Toronto → 小菅 and Now

Toronto → 小菅 → and Now (3) 「葛飾区小菅1−35−1」

さとうのぶこ


 全ての乗客が降りるとグレーのスーツ姿の小柄な男が近づいてきた。「佐藤伸子さんですね、高等裁判所のXXです。事情はお分かりですか?」と伺うように話しかけてきた。
 ニュースなどで海外逃亡した容疑者が、成田で捕まる映像を見てきたからなのか、自分も大勢のがたいのいい男達に取り押さえられる情景を想像していただけにあまりに地味な捕り物劇に少し安心し、ついて来てください、と言うその男の後を追った。

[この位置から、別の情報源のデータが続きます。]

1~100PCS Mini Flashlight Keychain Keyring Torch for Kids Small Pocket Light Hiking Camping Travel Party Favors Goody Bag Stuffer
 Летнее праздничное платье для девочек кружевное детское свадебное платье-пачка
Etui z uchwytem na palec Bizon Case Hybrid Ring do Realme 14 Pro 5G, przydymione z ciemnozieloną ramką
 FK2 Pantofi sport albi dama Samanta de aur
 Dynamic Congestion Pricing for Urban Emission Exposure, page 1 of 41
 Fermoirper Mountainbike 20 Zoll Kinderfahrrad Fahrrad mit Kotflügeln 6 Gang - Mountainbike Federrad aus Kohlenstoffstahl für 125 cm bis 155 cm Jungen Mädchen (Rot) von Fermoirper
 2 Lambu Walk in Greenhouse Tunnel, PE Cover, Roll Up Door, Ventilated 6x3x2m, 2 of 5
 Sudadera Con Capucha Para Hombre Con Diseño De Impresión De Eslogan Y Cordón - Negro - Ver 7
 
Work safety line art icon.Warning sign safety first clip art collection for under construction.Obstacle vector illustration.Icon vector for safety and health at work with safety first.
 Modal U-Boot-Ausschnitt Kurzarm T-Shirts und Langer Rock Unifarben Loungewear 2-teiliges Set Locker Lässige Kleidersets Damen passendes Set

 飛行機を降りると懐かしい匂いが漂う。男に着いてしばらく歩くと、グレーのスーツに身を包んだ数人の男達と1人の女性が待ってましたとばかりにこちらをじっと見つめて立っていた。
 この集団に見守られ、広い空港の中を歩き、税関を通り、大きなスーツケースをピックアップし、やっと日本国に入国、したことになった。


 一般客は通らないであろう裏口の脇で、最後の検査を受けると飛行機の中まで迎えに来た男とはちがう男が「これから霞ヶ関の高等裁判所に書類を落としてから東京拘置所へ向かいますが....ほんの一瞬ですが手錠をかけなければなりません.....」と申し訳なさそうに手錠を取り出した。もう逃げようとはさらさら思わないけど、一度逃げられたこの人たちの立場、ここから車に乗るまでどれだけの距離があるのか知らないが、まぁ手錠をかけるのが普通だろう、と素直に両手を差し出した。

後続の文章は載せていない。